In the osd-purge.yaml, change the <OSD-IDs>
to the ID(s) of the OSDs you want to remove.
- Run the job:
kubectl create -f osd-purge.yaml
- When the job is completed, review the logs to ensure success:
kubectl -n rook-ceph logs -l app=rook-ceph-purge-osd
- When finished, you can delete the job:
kubectl delete -f osd-purge.yaml
If you want to remove OSDs by hand, continue with the following sections. However, we recommend you to use the above-mentioned job to avoid operation errors.
Purge the OSD manually
If the OSD purge job fails or you need fine-grained control of the removal, here are the individual commands that can be run from the toolbox.
- Detach the OSD PVC from Rook
kubectl -n rook-ceph label pvc <orphaned-pvc> ceph.rook.io/DeviceSetPVCId-
- Mark the OSD as
out
if not already marked as such by Ceph. This signals Ceph to start moving (backfilling) the data that was on that OSD to another OSD.ceph osd out osd.<ID>
(for example if the OSD ID is 23 this would beceph osd out osd.23
)
- Wait for the data to finish backfilling to other OSDs.
ceph status
will indicate the backfilling is done when all of the PGs areactive+clean
. If desired, it’s safe to remove the disk after that.

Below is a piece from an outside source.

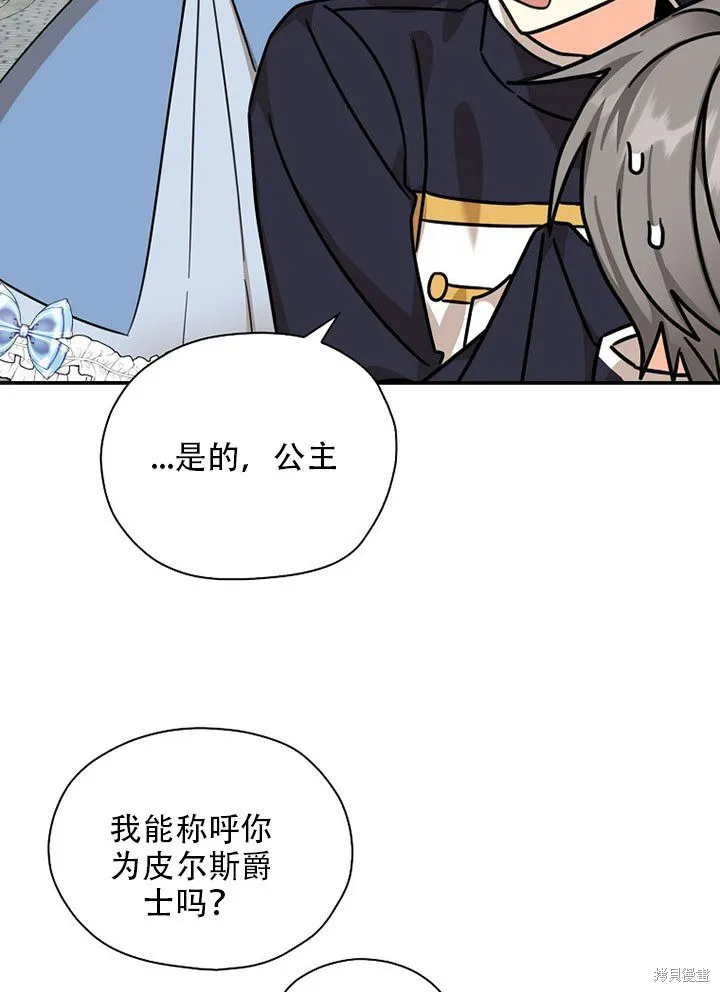 第36话 第77页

- Remove the OSD from the Ceph cluster
ceph osd purge <ID> --yes-i-really-mean-it
- Verify the OSD is removed from the node in the CRUSH map
ceph osd tree
The operator can automatically remove OSD deployments that are considered “safe-to-destroy” by Ceph. After the steps above, the OSD will be considered safe to remove since the data has all been moved to other OSDs. But this will only be done automatically by the operator if you have this setting in the cluster CR:
removeOSDsIfOutAndSafeToRemove: true
Otherwise, you will need to delete the deployment directly:
kubectl delete deployment -n rook-ceph rook-ceph-osd-<ID>
In PVC-based cluster, remove the orphaned PVC, if necessary.
Delete the underlying data
If you want to clean the device where the OSD was running, see in the instructions to wipe a disk on the Cleaning up a Cluster topic.
Replace an OSD
To replace a disk that has failed:
- Run the steps in the previous section to Remove an OSD.
- Replace the physical device and verify the new device is attached.
- Check if your cluster CR will find the new device. If you are using
useAllDevices: true
you can skip this step. If your cluster CR lists individual devices or uses a device filter you may need to update the CR. - The operator ideally will automatically create the new OSD within a few minutes of adding the new device or updating the CR. If you don’t see a new OSD automatically created, restart the operator (by deleting the operator pod) to trigger the OSD creation.
- Verify if the OSD is created on the node by running
ceph osd tree
from the toolbox.
Note that the OSD might have a different ID than the previous OSD that was replaced.